Data 624 Homework 5

library(fpp3)

8.1

###Consider the the number of pigs slaughtered in Victoria, available in the aus_livestock dataset.

vic_p <- aus_livestock %>% filter(Animal=='Pigs', State=='Victoria')
vic_p %>% autoplot()

Use the ETS() function to estimate the equivalent model for simple exponential smoothing. Find the optimal values of α and ℓ0, and generate forecasts for the next four months.

vic_p_mod <- vic_p %>% model(ETS(Count ~ error("A") + trend("N") + season("N"))) 
vic_p_fc <- vic_p_mod %>% forecast(h = 4)
autoplot(vic_p) + autolayer(vic_p_fc)

report(vic_p_mod)

## Series: Count 
## Model: ETS(A,N,N) 
##   Smoothing parameters:
##     alpha = 0.3221247 
## 
##   Initial states:
##      l[0]
##  100646.6
## 
##   sigma^2:  87480760
## 
##      AIC     AICc      BIC 
## 13737.10 13737.14 13750.07

The optimal values for α and ℓ0 respectively are 0.32 and 100646.6.

vic_p_fc$Count

## <distribution[4]>
## [1] N(95187, 8.7e+07) N(95187, 9.7e+07) N(95187, 1.1e+08) N(95187, 1.1e+08)

Compute a 95% prediction interval for the first forecast using ^y ±1.96s where s is the standard deviation of the residuals. Compare your interval with the interval produced by R.

s <- sd(residuals(vic_p_mod)$.resid)
mean <- vic_p_fc$.mean[1]
c(mean - (1.96*s),mean + (1.96*s))

## [1]  76871.01 113502.10

The 95% interval is (76871.01, 113502.10). This is smaller than the interval produced by R.

8.5

###Data set global_economy contains the annual Exports from many countries.
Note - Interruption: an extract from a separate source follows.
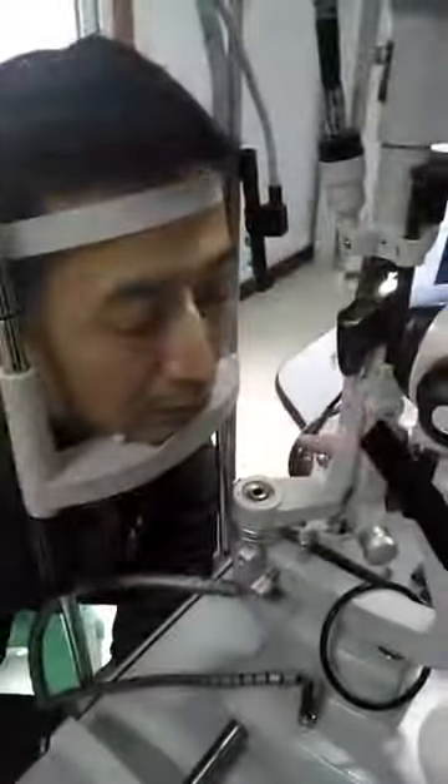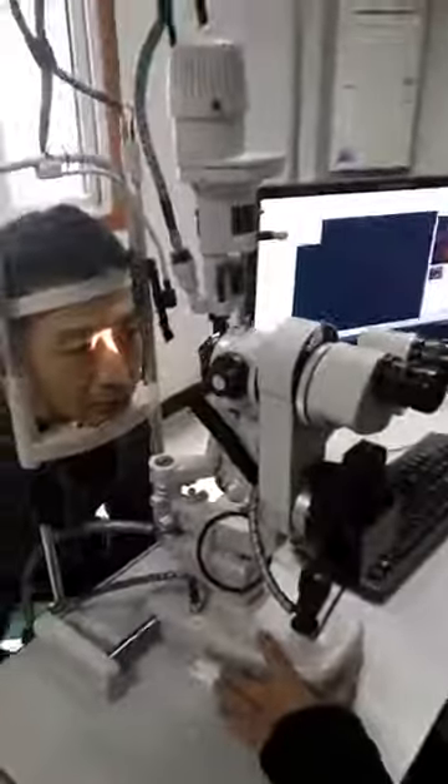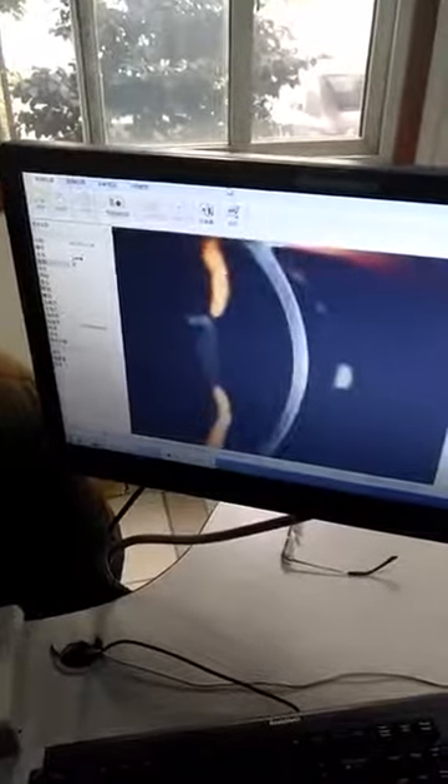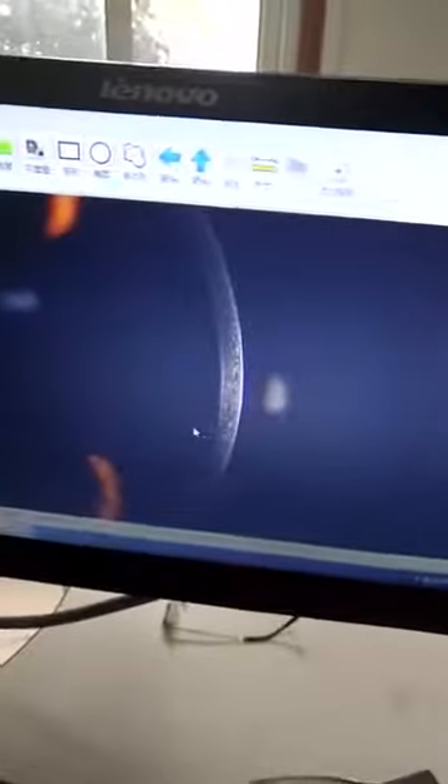Now we show how to take a corneal image. The corneal is clear — press the button. Double-click on this picture. It's very easy to operate the device and easy to get a good picture.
Select one country to analyse.

Plot the Exports series and discuss the main features of the data.

ge <- global_economy %>% filter(Country == 'Peru') 
ge %>% autoplot(Exports)

Use an ETS(A,N,N) model to forecast the series, and plot the forecasts.

ge_mod <- ge %>% model(ETS(Exports ~ error("A") + trend("N") + season("N"))) 
ge_fc <- ge_mod %>% forecast(h = 5)
ge_fc %>% autoplot(global_economy)

Compute the RMSE values for the training data.

accuracy(ge_mod)$RMSE

## [1] 2.862248

Compare the results to those from an ETS(A,A,N) model. (Remember that the trended model is using one more parameter than the simpler model.) Discuss the merits of the two forecasting methods for this data set.

ge_mod2 <- ge %>% model(ETS(Exports ~ error("A") + trend("A") + season("N"))) 
ge_fc2 <- ge_mod2 %>% forecast(h = 5)
ge_fc2 %>% autoplot(global_economy)

accuracy(ge_mod2)$RMSE

## [1] 2.862429

The RMSE for the ETS(A,N,N) model is slightly lower than that of the ETS(A,A,N) model, meaning it forecasts a little better.

Compare the forecasts from both methods. Which do you think is best?

The ETS(A,A,N) model forecasts an upwards trend while the ETS(A,N,N) models shows a flat line trend. The difference in RMSE between both models is very small. Taking that into account the ETS(A,A,N) model would be better suited based on its forecasts.

Calculate a 95% prediction interval for the first forecast for each model, using the RMSE values and assuming normal errors. Compare your intervals with those produced using R.

s1 <- sd(residuals(ge_mod)$.resid)
mean1 <- ge_fc$.mean[1]
c(mean1 - (1.96*s1),mean1 + (1.96*s1))

## [1] 18.60605 29.92066

The 95% interval is (18.60605, 29.92066).

ge_fc2$Exports

## <distribution[5]>
## [1] N(24, 8.8) N(24, 18)  N(24, 26)  N(25, 35)  N(25, 44)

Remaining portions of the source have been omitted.